First Deputy Premier of the Soviet Union
- In office 15 January 1991 – 27 November 1991
- Premier: Valentin Pavlov Ivan Silayev
- Preceded by: Vladilen Niktin
- Succeeded by: Vitaly Doguzhiev

Minister of Heavy Machine Building
- In office 17 July 1989 – 1 April 1991
- Premier: Nikolai Ryzhkov Valentin Pavlov
- Preceded by: Konstantin Petukhov
- Succeeded by: Post abolished

Minister of Heavy, Power and Transport Machine Building
- In office 19 July 1987 – 27 June 1989
- Premier: Nikolai Ryzhkov
- Preceded by: Vladimir Zhigalin
- Succeeded by: Post abolished

Minister of Power Machine Building
- In office 8 December 1981 – 19 July 1987
- Premier: Nikolai Tikhonov Nikolai Ryzhkov
- Preceded by: Viktor Krotov
- Succeeded by: Post abolished

Personal details
- Born: Vladimir Makarovich Velichko 23 April 1937 (age 88) Mozhayskoye Novousmanskogo, Russian SFSR, Soviet Union
- Party: Communist Party of the Soviet Union (1963-1991)

= Vladimir Velichko =

Vladimir Makarovich Velichko (Владимир Макарович Величко; born 23 April 1937) is a Soviet official and entrepreneur appointed as the First Deputy Prime Minister of the Cabinet of Ministers in 1991.

==Life and career==
Velichko was born into a working-class family in the village of Mozhayskoye Novousmanskogo in Voronezh Oblast, Russian Soviet Federative Socialist Republic, Soviet Union on 23 April 1937. According to United Russia's homepage, Velichko started his career in the Ukrainian Soviet Socialist Republic. He began studying at the Leningrad Military Mechanical Institute in 1955, graduating as a mechanical engineer in 1961.

===Soviet politics===
In 1963, Velichko joined the Communist Party of the Soviet Union (CPSU), and began work at a factory in Leningrad belonging to the Ministry of General Machine Building. He became Deputy Chief of the plant in 1965, and deputy director in 1971. Between 1973 and 1975, Velichko worked as the plant's manager and from 1985 to 1990, he served as a member of the CPSU Central Committee, later becoming a Deputy of the Supreme Soviet of the Soviet Union.

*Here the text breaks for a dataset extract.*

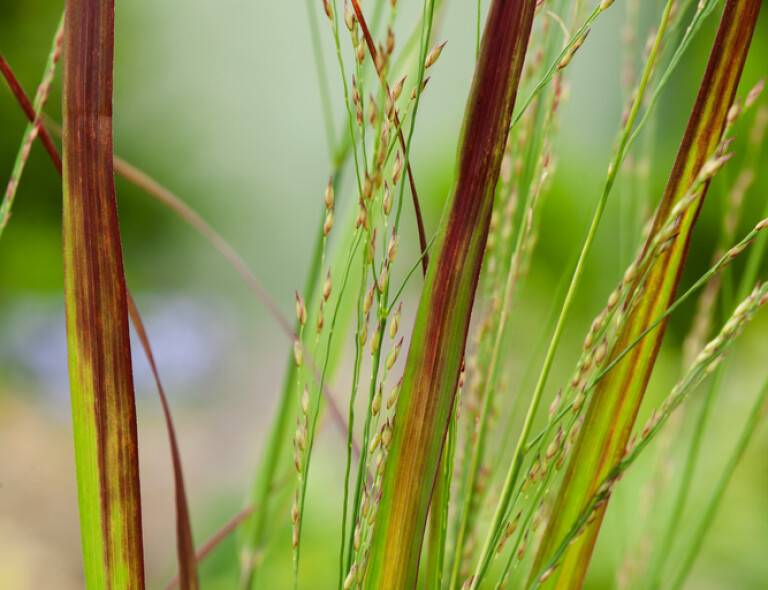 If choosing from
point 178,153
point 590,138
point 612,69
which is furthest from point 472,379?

Velichko became First Deputy Minister of Power Machine Building in 1975, and continued to work in this post until 1981 when he became the Minister of Power Machine Building. On 20 July 1987, the Ministry of Power Machine Building merged with the Ministry of Heavy and Transport Machine Building to become the Ministry of Heavy, Power and Transport Machine Building with Velichko becoming the Minister of Heavy, Power and Transport Machine Building. The Ministry of Heavy, Power and Transport Machine Building then merged with the Ministry of Construction, Road and Municipal Machine Building on 27 June 1989 to become the Ministry of Heavy Machine Building. He was elected Minister of Heavy Machine Building by the Supreme Soviet of the Soviet Union with only five abstentions or votes against him among about 400 delegates. He was a member of the Presidium of the Council of Ministers during the premiership of Nikolai Ryzhkov, and later became a First Deputy Prime Minister of the Cabinet of Ministers during Valentin Pavlov's Prime Ministership.

===Entrepreneurship===
Since November 1990, Velichko has been chairman of the board joint-stock company Tyazhenergomash, and since 1996 worked as chairman of the Board of Directors of Tyazhenergomash, a financial-industrial group. As chairman of Velichko Tyazhenergomash he has overseen the reconstruction of several Soviet era plants as well as construction of new gas power stations with a generating capacity of more than 100 Megawatt. Velichko was also active in the construction of the Novo-Voronezh, Ignalina and Balakovo nuclear power plants along with several others in the Commonwealth of Independent States (CIS).

Velichko has been a member of the Council on Industrial Policy of the Russian Government since 1993, and became Chairman of the Council for Industrial Policy and Entrepreneurship of the Russian Government in 1994, an office he has held ever since. In 1994, he became chairman of the Board of Directors of Holdingtembanka. Since 1993, Velichko has been General Director of TENMA, and since 1996 the President of FPG. As of 2011 Velichko is a member of the Presidium of the Russian Academy of Engineering.

==Recognition==
In recognition of his work in developing Soviet industry during his tenure as minister of several ministries in the 1980s, Velichko was awarded two Orders of Lenin, Order of the October Revolution, two USSR State Prizes (1976 and 1978), Order of the Red Banner of Labour and Order of Friendship of the Czechoslovak Socialist Republic, as well as several other decorations, awards and medals. Velichko also received the Order "For Merit to the Fatherland", 4th class.